FEATURE: Allows examine_env to load hard coded policies (#87)

palanc · Patrick Lancaster · vikashplus · commit 385510e21b1b · 2023-08-31T01:03:41.000-04:00
* Allow examine_envs to load hard coded policies, E.g.
python robohive/utils/examine_env.py -e FrankaReachRandom-v0 -p robohive.utils.examine_env.rand_policy

* Remove unnecessary import
* examine_env loading scripted polcies: update DESC in examine_env and add unit test
Co-authored-by: Patrick Lancaster &lt;plancaster@pop-os.localdomain&gt;
diff --git a/robohive/tests/test_examine_env.py b/robohive/tests/test_examine_env.py
@@ -22,10 +22,19 @@ def test_offscreen_rendering(self):
         result = runner.invoke(examine_env, ["--env_name", "door-v1", \
                                             "--num_episodes", 1, \
                                             "--render", "offscreen",\
-                                            "--camera_name", "top_acam"])
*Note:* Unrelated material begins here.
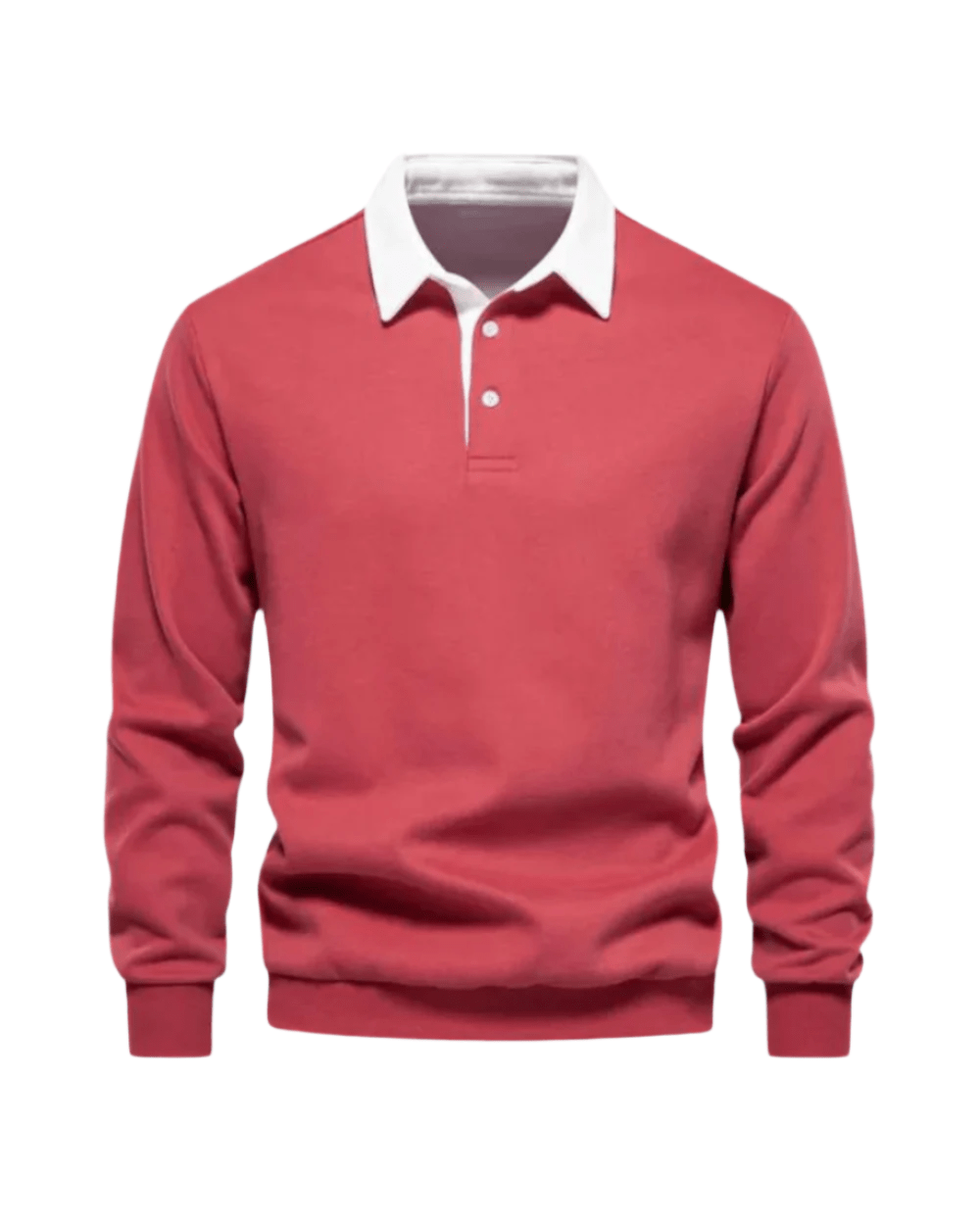 Adrian Freizeit Polo Sweater Von Alder Rot S 
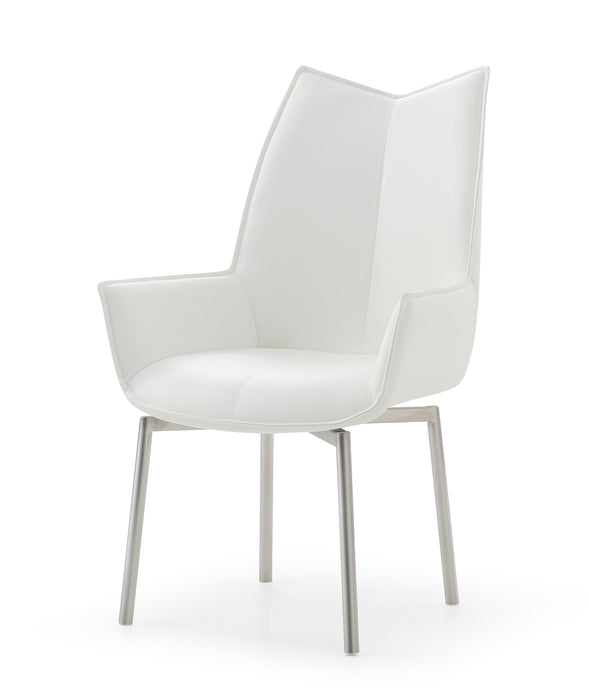 1218 Swivel Dining Chair White - i30924 - Lara Furniture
+                                            "--camera_name", "top_cam"])
         print(result.output.strip())
         self.assertEqual(result.exception, None)
 
+    def test_scripted_policy_loading(self):
+        # Call your function and test its output/assertions
+        print("Testing scripted policy loading")
+        runner = click.testing.CliRunner()
+        result = runner.invoke(examine_env, ["--env_name", "door-v1", \
+                                            "--num_episodes", 1, \
+                                            "--policy_path", "robohive.utils.examine_env.rand_policy"])
+        print(result.output.strip())
+        self.assertEqual(result.exception, None)
 
 if __name__ == '__main__':
     unittest.main()
diff --git a/robohive/utils/examine_env.py b/robohive/utils/examine_env.py
@@ -16,10 +16,12 @@
 DESC = '''
 Helper script to examine an environment and associated policy for behaviors; \n
 - either onscreen, or offscreen, or just rollout without rendering.\n
-- save resulting paths as pickle or as 2D plots
+- save resulting paths as pickle or as 2D plots \n
+- rollout either learned policies or scripted policies (e.g. see rand_policy class below) \n
 USAGE:\n
-    $ python examine_env.py --env_name door-v0 \n
-    $ python examine_env.py --env_name door-v0 --policy my_policy.pickle --mode evaluation --episodes 10 \n
+    $ python examine_env.py --env_name door-v1 \n
+    $ python examine_env.py --env_name door-v1 --policy_path robohive.utils.examine_env.rand_policy \n
+    $ python examine_env.py --env_name door-v1 --policy_path my_policy.pickle --mode evaluation --episodes 10 \n
 '''
 
 # Random policy
@@ -30,7 +32,14 @@ def __init__(self, env, seed):
 
     def get_action(self, obs):
         # return self.env.np_random.uniform(high=self.env.action_space.high, low=self.env.action_space.low)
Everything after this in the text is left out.